Mitsubishi Corporation (the “Offeror”) resolved, at its board of directors meeting held on September 16, 2016, that it would implement a tender offer (the “Tender Offer”) for shares of common stock in Lawson, Inc. (First Section of the Tokyo Stock Exchange, Securities Code: 2651; the “Target Company”) under the Financial Instruments and Exchange Act (Act No. 25 of 1948, as amended; the “Act”). The Tender Offer commenced on December 22, 2016, and ended on February 9, 2017.

In addition, the Offeror hereby announces that, as a result of the Tender Offer, the Target Company has become a consolidated subsidiary of the Offeror as of February 9, 2017 (the last day of the tender offer period).

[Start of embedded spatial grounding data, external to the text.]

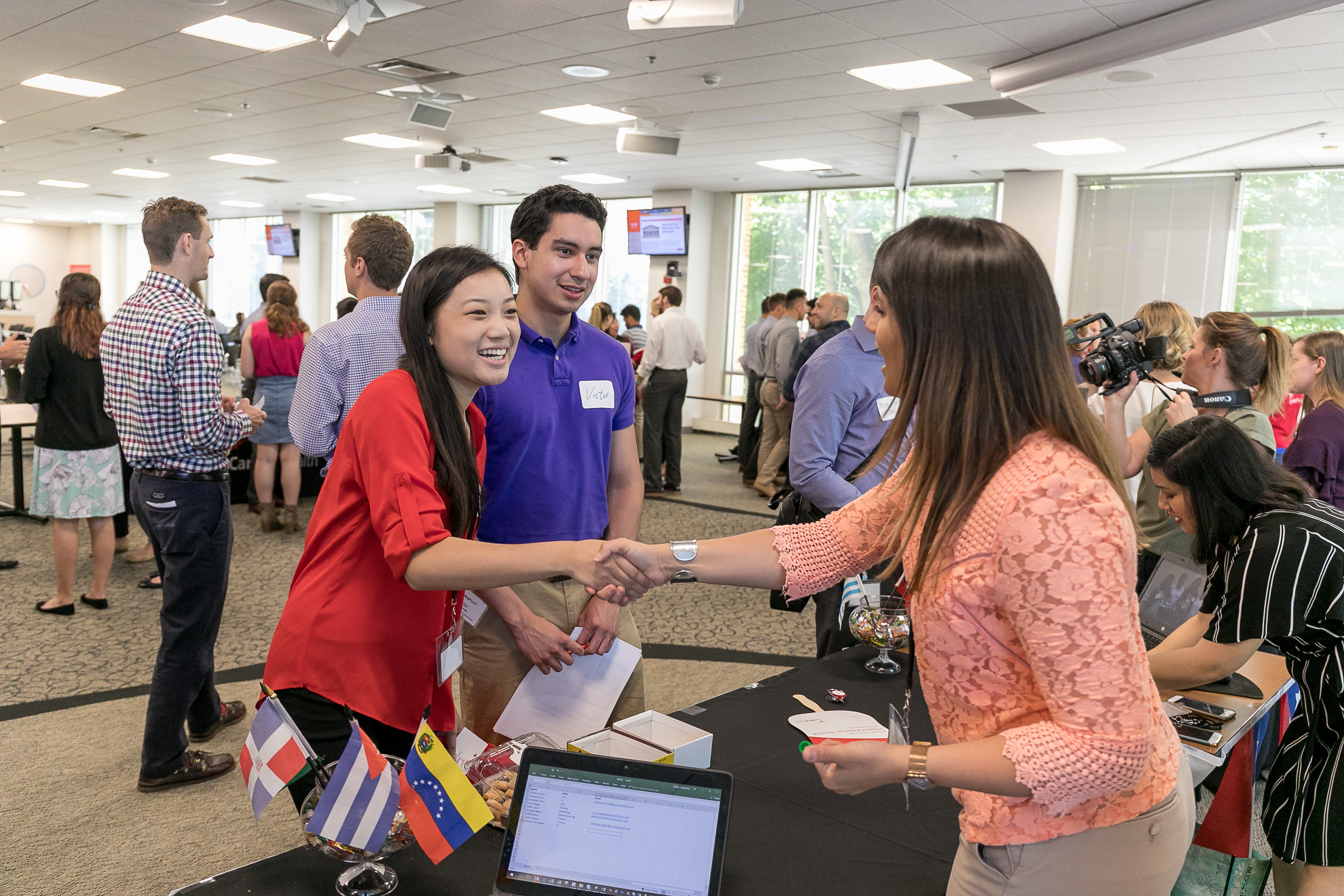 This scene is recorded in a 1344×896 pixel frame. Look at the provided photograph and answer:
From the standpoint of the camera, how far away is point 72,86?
775 centimetres

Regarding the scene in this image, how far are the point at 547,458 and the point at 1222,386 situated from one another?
2.55 meters

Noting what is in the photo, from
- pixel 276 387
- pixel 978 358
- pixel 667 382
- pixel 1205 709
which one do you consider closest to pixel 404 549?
pixel 978 358

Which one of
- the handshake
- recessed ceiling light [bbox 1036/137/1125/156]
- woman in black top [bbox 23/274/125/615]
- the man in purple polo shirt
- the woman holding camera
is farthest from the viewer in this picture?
recessed ceiling light [bbox 1036/137/1125/156]

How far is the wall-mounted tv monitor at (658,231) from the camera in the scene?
40.4 feet

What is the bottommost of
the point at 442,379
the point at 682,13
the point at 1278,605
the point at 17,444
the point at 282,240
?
the point at 17,444

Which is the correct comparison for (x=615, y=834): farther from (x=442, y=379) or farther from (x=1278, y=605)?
(x=1278, y=605)

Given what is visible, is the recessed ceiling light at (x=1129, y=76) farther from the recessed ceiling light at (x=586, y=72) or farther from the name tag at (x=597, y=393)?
the name tag at (x=597, y=393)

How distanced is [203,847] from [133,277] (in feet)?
75.5

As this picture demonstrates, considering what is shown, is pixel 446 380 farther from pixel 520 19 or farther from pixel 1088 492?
pixel 520 19

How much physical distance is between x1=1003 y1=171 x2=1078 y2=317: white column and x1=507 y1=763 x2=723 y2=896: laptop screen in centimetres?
929

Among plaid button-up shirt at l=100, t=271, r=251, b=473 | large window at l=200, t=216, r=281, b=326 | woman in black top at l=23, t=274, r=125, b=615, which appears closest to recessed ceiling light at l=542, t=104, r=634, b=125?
woman in black top at l=23, t=274, r=125, b=615

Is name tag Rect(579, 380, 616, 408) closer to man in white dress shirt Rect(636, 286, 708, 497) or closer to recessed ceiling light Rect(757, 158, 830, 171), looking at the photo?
man in white dress shirt Rect(636, 286, 708, 497)

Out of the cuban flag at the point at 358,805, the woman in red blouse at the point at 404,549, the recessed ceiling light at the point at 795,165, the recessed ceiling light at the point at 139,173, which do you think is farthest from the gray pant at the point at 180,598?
the recessed ceiling light at the point at 139,173

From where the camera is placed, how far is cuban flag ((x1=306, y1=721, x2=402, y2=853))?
1131 mm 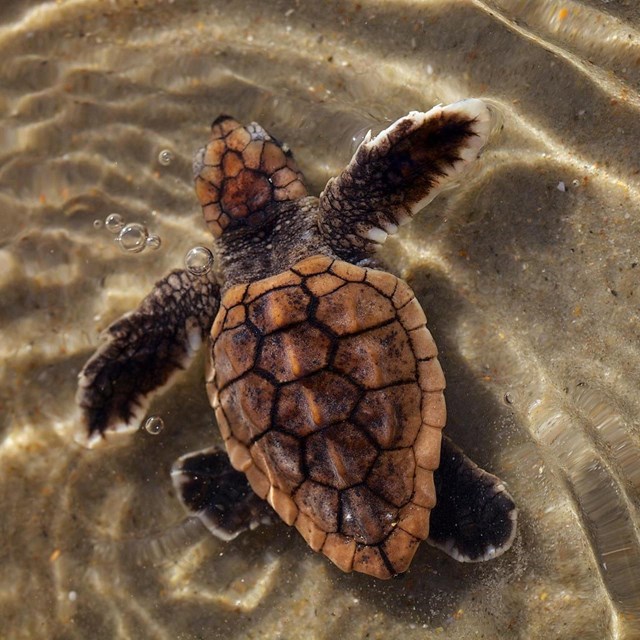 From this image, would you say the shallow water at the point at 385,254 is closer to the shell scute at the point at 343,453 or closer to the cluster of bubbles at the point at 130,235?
the cluster of bubbles at the point at 130,235

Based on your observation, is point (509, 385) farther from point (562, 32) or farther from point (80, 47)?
point (80, 47)

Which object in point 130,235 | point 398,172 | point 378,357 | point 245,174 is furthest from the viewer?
point 130,235

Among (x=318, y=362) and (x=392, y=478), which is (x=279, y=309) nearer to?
(x=318, y=362)

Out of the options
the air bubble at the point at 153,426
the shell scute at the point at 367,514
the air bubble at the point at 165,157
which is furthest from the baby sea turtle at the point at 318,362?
the air bubble at the point at 165,157

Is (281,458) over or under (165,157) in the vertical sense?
under

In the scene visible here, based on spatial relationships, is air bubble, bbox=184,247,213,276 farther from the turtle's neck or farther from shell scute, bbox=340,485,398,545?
shell scute, bbox=340,485,398,545

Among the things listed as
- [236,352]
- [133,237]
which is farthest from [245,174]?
[236,352]

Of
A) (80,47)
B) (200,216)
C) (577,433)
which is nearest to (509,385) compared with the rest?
(577,433)

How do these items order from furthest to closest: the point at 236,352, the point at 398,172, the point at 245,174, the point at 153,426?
the point at 153,426 → the point at 245,174 → the point at 398,172 → the point at 236,352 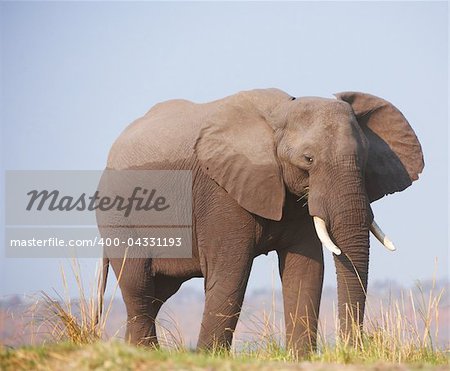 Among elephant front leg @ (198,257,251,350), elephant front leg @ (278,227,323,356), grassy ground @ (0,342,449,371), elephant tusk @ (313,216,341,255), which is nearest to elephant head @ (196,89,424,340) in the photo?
elephant tusk @ (313,216,341,255)

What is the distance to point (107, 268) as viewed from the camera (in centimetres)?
1474

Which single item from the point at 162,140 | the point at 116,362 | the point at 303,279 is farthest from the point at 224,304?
the point at 116,362

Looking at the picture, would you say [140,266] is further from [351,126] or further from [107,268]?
[351,126]

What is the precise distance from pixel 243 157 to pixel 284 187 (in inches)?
26.0

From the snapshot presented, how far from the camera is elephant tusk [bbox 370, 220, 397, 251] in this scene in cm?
1200

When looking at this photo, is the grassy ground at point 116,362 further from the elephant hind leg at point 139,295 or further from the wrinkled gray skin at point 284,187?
the elephant hind leg at point 139,295

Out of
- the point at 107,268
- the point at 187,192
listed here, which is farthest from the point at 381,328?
the point at 107,268

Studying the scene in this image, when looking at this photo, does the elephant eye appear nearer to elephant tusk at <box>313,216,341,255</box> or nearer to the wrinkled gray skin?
the wrinkled gray skin

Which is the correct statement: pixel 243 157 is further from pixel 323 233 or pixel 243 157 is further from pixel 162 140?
pixel 323 233

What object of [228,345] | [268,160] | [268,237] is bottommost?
[228,345]

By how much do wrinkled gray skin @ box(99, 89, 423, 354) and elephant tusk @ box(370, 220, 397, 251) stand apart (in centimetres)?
28

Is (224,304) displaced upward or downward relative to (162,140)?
downward

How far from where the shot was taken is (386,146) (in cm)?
1288

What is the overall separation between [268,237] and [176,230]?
47.2 inches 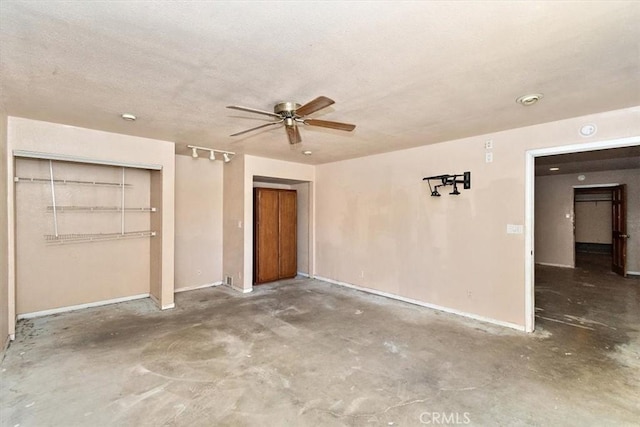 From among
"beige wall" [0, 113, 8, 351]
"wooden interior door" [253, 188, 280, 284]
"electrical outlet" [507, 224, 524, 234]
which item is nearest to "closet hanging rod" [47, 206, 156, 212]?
"beige wall" [0, 113, 8, 351]

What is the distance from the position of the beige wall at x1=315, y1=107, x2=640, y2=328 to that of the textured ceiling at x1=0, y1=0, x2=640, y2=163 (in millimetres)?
502

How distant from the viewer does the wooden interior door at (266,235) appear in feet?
19.2

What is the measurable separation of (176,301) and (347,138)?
3801 millimetres

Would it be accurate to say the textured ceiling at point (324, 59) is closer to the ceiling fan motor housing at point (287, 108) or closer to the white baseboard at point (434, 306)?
the ceiling fan motor housing at point (287, 108)

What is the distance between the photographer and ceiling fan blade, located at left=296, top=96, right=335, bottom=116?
2119 millimetres

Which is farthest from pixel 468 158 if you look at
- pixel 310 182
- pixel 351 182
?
pixel 310 182

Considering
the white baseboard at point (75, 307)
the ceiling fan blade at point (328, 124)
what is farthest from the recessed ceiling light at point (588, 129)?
the white baseboard at point (75, 307)

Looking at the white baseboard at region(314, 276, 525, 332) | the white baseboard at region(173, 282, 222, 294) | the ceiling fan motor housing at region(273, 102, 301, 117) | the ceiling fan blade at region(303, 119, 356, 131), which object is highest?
the ceiling fan motor housing at region(273, 102, 301, 117)

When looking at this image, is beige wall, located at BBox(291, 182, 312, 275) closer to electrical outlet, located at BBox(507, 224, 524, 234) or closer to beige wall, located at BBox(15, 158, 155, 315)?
beige wall, located at BBox(15, 158, 155, 315)

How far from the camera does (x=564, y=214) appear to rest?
765cm

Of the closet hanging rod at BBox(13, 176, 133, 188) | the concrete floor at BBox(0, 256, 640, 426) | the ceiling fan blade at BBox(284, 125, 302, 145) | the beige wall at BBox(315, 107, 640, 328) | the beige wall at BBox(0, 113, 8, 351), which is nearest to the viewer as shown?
the concrete floor at BBox(0, 256, 640, 426)

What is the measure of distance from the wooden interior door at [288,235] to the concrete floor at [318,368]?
1.95 m

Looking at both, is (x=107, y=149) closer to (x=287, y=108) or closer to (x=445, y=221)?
(x=287, y=108)

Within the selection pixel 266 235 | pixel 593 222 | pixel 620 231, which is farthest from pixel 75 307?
pixel 593 222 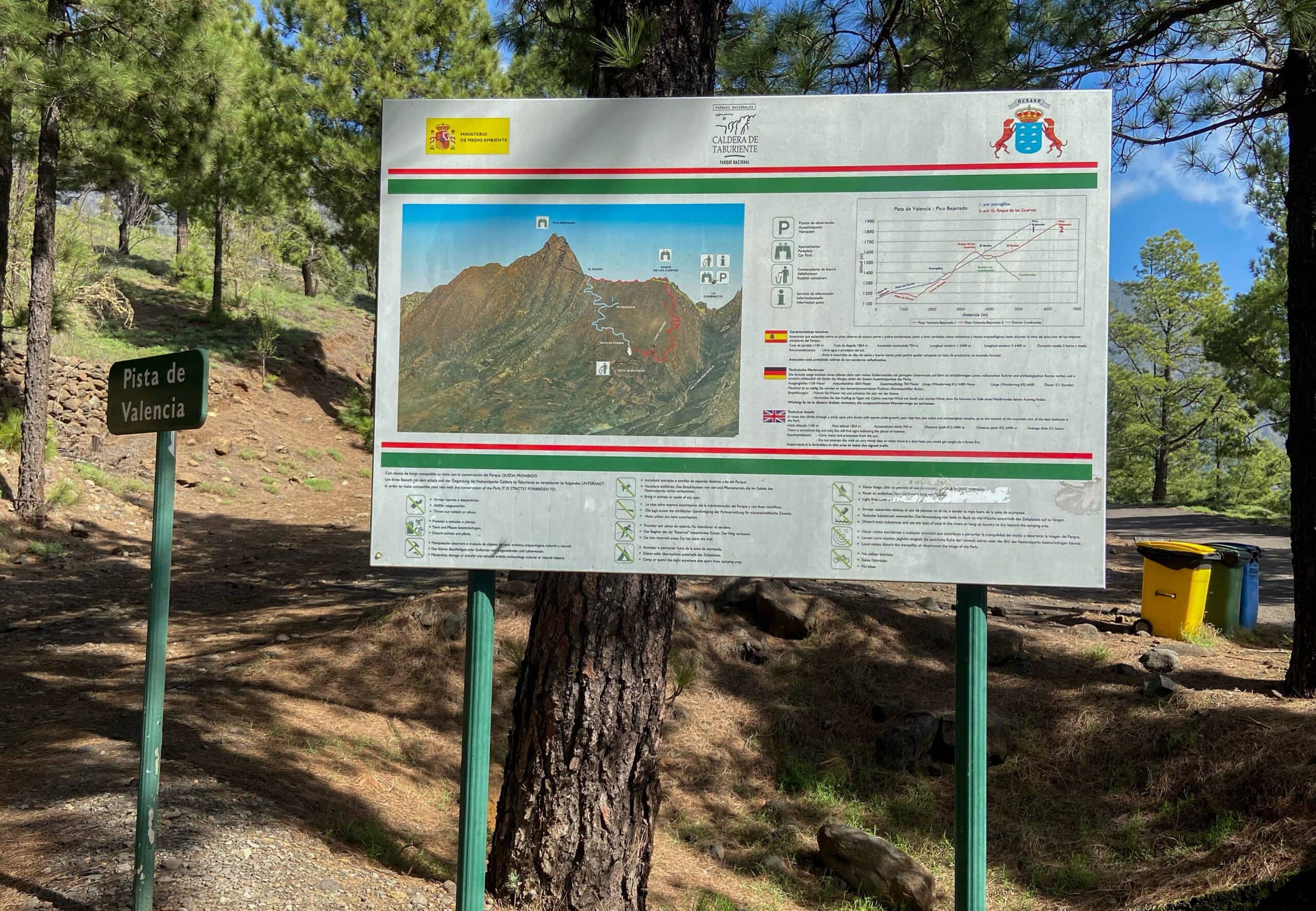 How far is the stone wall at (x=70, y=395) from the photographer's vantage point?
1277 cm

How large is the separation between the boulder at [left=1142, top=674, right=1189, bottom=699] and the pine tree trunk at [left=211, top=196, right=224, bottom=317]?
2055 centimetres

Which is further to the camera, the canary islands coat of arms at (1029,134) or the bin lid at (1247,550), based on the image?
the bin lid at (1247,550)

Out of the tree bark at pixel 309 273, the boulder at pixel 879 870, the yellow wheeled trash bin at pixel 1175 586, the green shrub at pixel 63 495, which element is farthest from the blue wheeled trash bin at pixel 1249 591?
the tree bark at pixel 309 273

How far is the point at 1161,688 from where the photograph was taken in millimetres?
5750

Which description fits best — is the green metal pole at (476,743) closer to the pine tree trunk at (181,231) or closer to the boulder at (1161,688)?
the boulder at (1161,688)

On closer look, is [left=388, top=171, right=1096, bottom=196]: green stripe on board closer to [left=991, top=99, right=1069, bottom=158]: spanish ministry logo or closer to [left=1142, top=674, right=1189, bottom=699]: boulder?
[left=991, top=99, right=1069, bottom=158]: spanish ministry logo

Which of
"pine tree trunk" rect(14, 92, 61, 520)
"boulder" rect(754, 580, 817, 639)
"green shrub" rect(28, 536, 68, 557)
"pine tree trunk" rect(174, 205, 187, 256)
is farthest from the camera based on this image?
"pine tree trunk" rect(174, 205, 187, 256)

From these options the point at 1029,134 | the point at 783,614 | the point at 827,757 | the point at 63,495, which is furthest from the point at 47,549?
the point at 1029,134

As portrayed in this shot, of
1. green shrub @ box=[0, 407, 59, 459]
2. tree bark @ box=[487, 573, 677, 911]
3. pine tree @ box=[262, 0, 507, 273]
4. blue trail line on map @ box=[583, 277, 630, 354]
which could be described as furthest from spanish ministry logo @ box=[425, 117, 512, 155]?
pine tree @ box=[262, 0, 507, 273]

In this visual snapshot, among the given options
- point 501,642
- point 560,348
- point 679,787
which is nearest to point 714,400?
point 560,348

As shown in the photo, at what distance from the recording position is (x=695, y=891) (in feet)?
13.6

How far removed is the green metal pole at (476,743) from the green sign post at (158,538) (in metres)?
0.92

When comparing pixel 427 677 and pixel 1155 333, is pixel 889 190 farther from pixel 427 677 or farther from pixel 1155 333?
pixel 1155 333

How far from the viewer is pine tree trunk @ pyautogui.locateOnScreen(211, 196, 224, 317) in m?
20.5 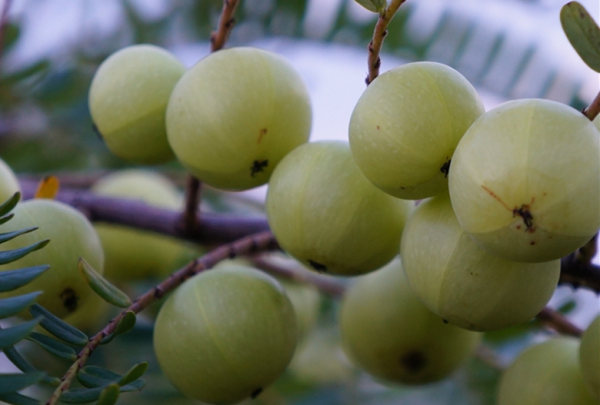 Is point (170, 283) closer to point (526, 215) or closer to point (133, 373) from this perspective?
point (133, 373)

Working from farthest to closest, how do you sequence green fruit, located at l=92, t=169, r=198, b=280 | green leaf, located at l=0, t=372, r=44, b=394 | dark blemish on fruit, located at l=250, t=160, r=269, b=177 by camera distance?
1. green fruit, located at l=92, t=169, r=198, b=280
2. dark blemish on fruit, located at l=250, t=160, r=269, b=177
3. green leaf, located at l=0, t=372, r=44, b=394

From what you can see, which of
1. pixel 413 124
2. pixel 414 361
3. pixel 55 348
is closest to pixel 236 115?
pixel 413 124

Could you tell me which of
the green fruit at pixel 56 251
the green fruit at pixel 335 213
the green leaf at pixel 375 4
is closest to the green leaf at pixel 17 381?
the green fruit at pixel 56 251

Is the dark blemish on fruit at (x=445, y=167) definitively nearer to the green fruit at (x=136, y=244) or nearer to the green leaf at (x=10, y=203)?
the green leaf at (x=10, y=203)

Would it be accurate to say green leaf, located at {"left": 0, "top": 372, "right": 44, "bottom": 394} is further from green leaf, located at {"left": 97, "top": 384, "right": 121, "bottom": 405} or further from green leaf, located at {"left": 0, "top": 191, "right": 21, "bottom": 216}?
green leaf, located at {"left": 0, "top": 191, "right": 21, "bottom": 216}

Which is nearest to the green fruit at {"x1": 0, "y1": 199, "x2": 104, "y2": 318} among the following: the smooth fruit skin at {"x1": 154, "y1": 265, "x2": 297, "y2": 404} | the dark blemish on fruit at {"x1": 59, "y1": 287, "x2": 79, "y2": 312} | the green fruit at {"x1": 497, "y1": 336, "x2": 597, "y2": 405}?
the dark blemish on fruit at {"x1": 59, "y1": 287, "x2": 79, "y2": 312}

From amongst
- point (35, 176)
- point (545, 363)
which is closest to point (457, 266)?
point (545, 363) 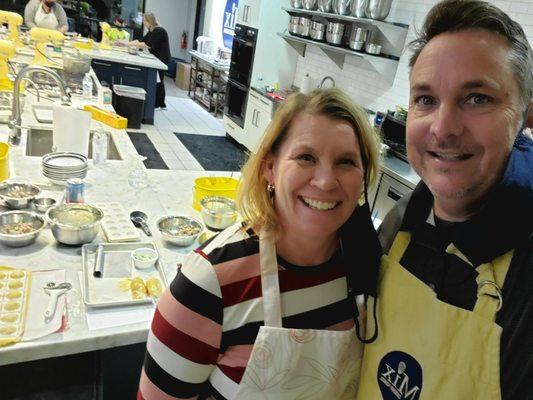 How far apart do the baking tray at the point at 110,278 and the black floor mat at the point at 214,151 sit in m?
3.96

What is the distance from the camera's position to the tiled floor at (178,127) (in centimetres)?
592

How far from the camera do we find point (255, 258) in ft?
3.52

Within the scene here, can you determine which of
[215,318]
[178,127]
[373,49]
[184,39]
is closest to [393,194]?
[373,49]

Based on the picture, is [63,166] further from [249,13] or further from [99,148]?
[249,13]

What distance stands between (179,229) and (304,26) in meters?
4.38

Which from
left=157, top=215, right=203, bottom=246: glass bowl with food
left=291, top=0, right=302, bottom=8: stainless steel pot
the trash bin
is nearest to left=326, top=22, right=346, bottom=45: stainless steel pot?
Result: left=291, top=0, right=302, bottom=8: stainless steel pot

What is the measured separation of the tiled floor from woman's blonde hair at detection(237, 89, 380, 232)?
4.39 meters

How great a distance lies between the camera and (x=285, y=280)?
43.1 inches

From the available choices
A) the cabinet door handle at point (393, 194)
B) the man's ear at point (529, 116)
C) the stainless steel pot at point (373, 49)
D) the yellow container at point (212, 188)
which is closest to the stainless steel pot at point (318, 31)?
the stainless steel pot at point (373, 49)

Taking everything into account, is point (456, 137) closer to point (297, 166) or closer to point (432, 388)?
point (297, 166)

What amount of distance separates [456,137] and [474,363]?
542mm

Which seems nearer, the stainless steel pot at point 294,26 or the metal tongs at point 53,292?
the metal tongs at point 53,292

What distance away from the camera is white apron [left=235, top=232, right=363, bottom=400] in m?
1.03

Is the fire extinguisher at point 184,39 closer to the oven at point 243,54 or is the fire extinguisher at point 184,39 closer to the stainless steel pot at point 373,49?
the oven at point 243,54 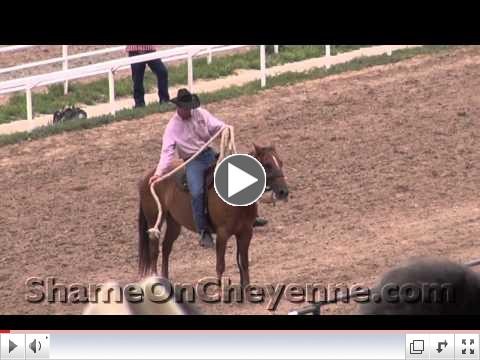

Ⅰ. Results of the Tender Offer

1. Outline of Tender Offer

(1) Name and Address of the Offeror
Mitsubishi Corporation
3-1, Marunouchi 2-chome, Chiyoda-ku, Tokyo
(2) Name of the Target Company
Lawson, Inc.
(3) Class of Share Certificates, Etc., to be Purchased
Common stock
(4) Number of Share Certificates, Etc. to be Purchased
Number of share certificates, etc. to be purchased Minimum number of share certificates, etc. to be purchased Maximum number of share certificates, etc. to be purchased
16,649,900 shares - shares 16,649,900 shares

Note1: If the total number of tendered share certificates, etc. is equal to or less than the number of the share certificates, etc. to be purchased (16,649,900 shares), the Offeror will purchase all of the tendered share certificates, etc. If the total number of tendered share certificates, etc. exceeds the maximum number of the share certificates, etc. to be purchased (16,649,900 shares), the Offeror will not purchase all or any part of that excess amount and will implement the delivery and other settlement for purchasing share certificates, etc. on a pro rata basis as provided for in Article 27-13, Paragraph 5 of the Act and Article 32 of Cabinet Office Ordinance on Disclosure Required for Tender Offer for Share Certificates, etc. by Person Other than the Issuer (Ordinance of the Ministry of Finance No. 38 of 1990, as amended; the “Cabinet Ordinance”).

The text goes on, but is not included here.